Isn't it inefficient to process source form all
the time?
That depends. Source form does not mean source code. One can devise source
form formats that are significantly pre-cooked, maybe contain additional information
extracted from the source code, and use compact non-textual storage formats.
Much of the hard parts in processing the actual source code, such as parsing,
static analysis, etc., can be done by a front-end, and the results stored
in the source form format.
On the other hand, when all the additional information is not necessary,
as in the linker example above, it may very well make composition or other
operations on components less efficient.
Can I use non-source-form component models?

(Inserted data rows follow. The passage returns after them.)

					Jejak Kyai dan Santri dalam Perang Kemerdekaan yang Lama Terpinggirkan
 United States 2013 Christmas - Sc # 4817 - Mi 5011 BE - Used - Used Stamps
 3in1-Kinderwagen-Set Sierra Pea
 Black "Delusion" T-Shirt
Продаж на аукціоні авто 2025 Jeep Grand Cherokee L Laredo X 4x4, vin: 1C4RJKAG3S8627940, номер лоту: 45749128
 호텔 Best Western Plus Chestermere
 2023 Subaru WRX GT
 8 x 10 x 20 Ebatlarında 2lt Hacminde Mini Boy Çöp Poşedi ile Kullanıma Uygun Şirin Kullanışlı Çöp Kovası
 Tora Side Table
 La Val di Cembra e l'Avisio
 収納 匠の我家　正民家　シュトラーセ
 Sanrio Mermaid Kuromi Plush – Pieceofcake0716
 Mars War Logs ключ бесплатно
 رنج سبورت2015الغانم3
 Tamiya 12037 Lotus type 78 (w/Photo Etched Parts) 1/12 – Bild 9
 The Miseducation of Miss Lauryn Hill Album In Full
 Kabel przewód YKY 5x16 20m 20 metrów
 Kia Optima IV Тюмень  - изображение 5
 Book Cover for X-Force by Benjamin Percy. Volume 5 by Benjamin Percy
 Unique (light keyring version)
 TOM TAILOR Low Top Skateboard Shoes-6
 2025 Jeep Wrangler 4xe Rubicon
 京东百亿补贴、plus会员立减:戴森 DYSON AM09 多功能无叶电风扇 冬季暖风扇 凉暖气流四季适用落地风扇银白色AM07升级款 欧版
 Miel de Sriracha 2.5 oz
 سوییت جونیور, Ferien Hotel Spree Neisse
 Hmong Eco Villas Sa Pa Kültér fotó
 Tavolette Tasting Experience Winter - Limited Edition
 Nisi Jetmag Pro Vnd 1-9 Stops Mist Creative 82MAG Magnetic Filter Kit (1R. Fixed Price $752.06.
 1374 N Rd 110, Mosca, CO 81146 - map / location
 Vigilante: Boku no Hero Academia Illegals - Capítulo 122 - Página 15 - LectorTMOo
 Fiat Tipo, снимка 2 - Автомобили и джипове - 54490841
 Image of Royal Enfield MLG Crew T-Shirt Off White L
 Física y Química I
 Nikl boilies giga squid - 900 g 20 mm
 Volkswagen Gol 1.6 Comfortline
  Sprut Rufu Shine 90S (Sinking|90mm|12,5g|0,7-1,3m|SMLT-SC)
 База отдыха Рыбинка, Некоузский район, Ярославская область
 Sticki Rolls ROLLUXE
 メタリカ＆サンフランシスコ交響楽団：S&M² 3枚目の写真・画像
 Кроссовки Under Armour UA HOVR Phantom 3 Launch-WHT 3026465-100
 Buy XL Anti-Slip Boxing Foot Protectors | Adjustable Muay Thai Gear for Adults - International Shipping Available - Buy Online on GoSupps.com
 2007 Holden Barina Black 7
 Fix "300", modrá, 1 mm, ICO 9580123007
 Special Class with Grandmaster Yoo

Of course! In fact, CAL is intended to be compilable to a large variety of
different component models. We are experimenting with generating code for
various models based on either Java or C/C++, and we are also planning to
look at generating hardware descriptions, e.g. in VHDL. Naturally, not every
CAL feature is directly represented in these models, but it also does not
need to be. By the time code generation is started, CAL composition has been
performed, and CAL-specific features are no longer needed (see the overviews
of code generation and program
transformation).
Am I tied in to using CAL only?
No. CAL allows easy calls to external functions and procedures, so any legacy
code, or any code for which CAL simply is not a good language, can be written
in another language, and called from CAL.
Jörn W. Janneck